§ **Activity**:
Give the records below again in full, exactly as written, but without any images.

§ **Data supplied**:
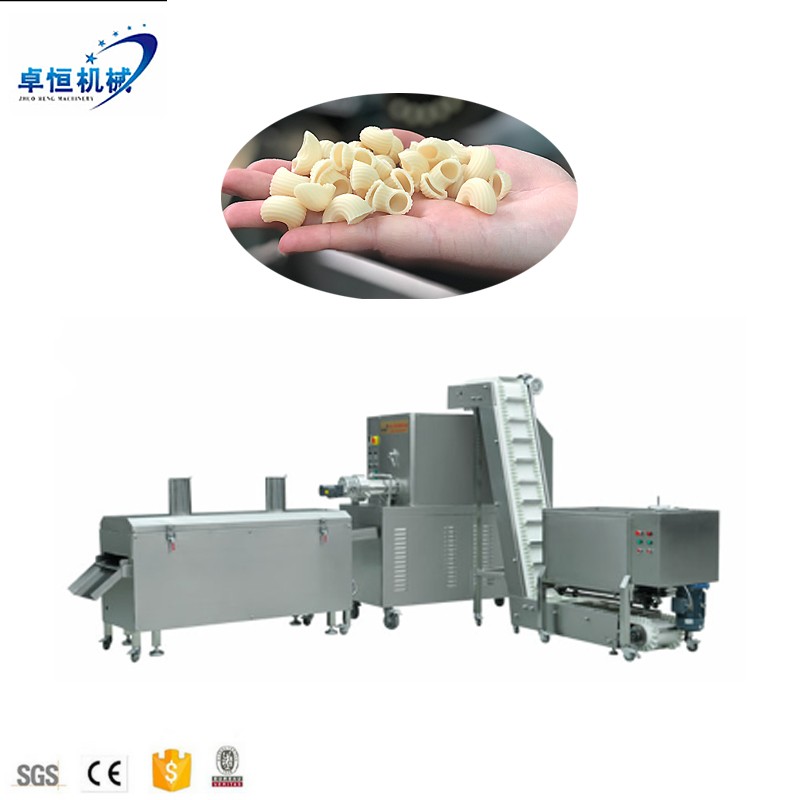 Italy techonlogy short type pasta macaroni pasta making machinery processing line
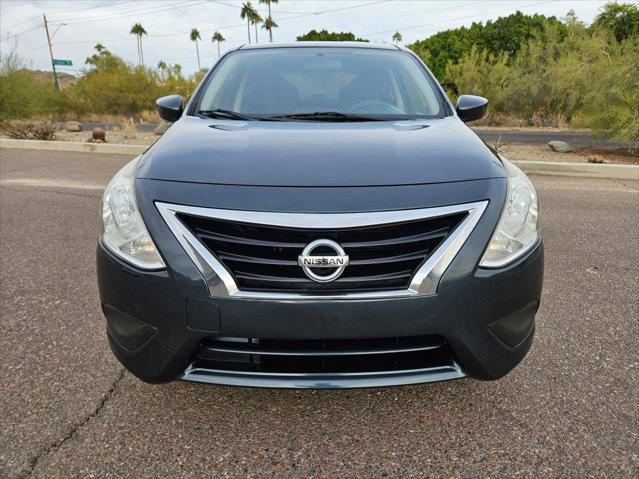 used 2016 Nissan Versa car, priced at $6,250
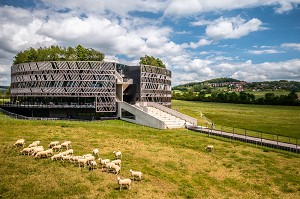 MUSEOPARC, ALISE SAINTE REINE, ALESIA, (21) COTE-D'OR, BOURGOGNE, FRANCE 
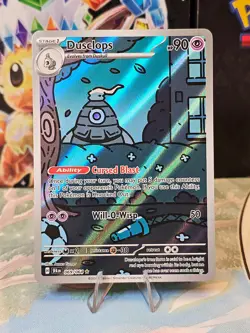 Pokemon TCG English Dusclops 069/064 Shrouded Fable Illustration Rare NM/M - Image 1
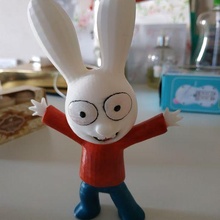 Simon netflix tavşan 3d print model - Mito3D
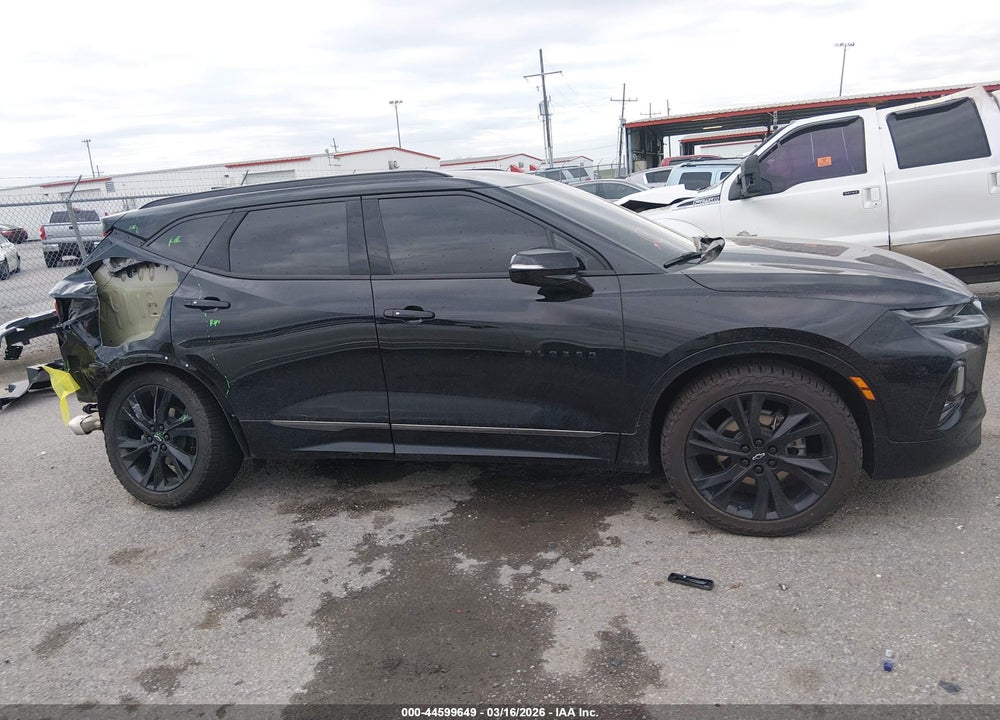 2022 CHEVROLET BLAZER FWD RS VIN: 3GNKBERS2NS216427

§ **Answer area**:
 Italy techonlogy short type pasta macaroni pasta making machinery processing line
 used 2016 Nissan Versa car, priced at $6,250
 MUSEOPARC, ALISE SAINTE REINE, ALESIA, (21) COTE-D'OR, BOURGOGNE, FRANCE 
 Pokemon TCG English Dusclops 069/064 Shrouded Fable Illustration Rare NM/M - Image 1
 Simon netflix tavşan 3d print model - Mito3D
 2022 CHEVROLET BLAZER FWD RS VIN: 3GNKBERS2NS216427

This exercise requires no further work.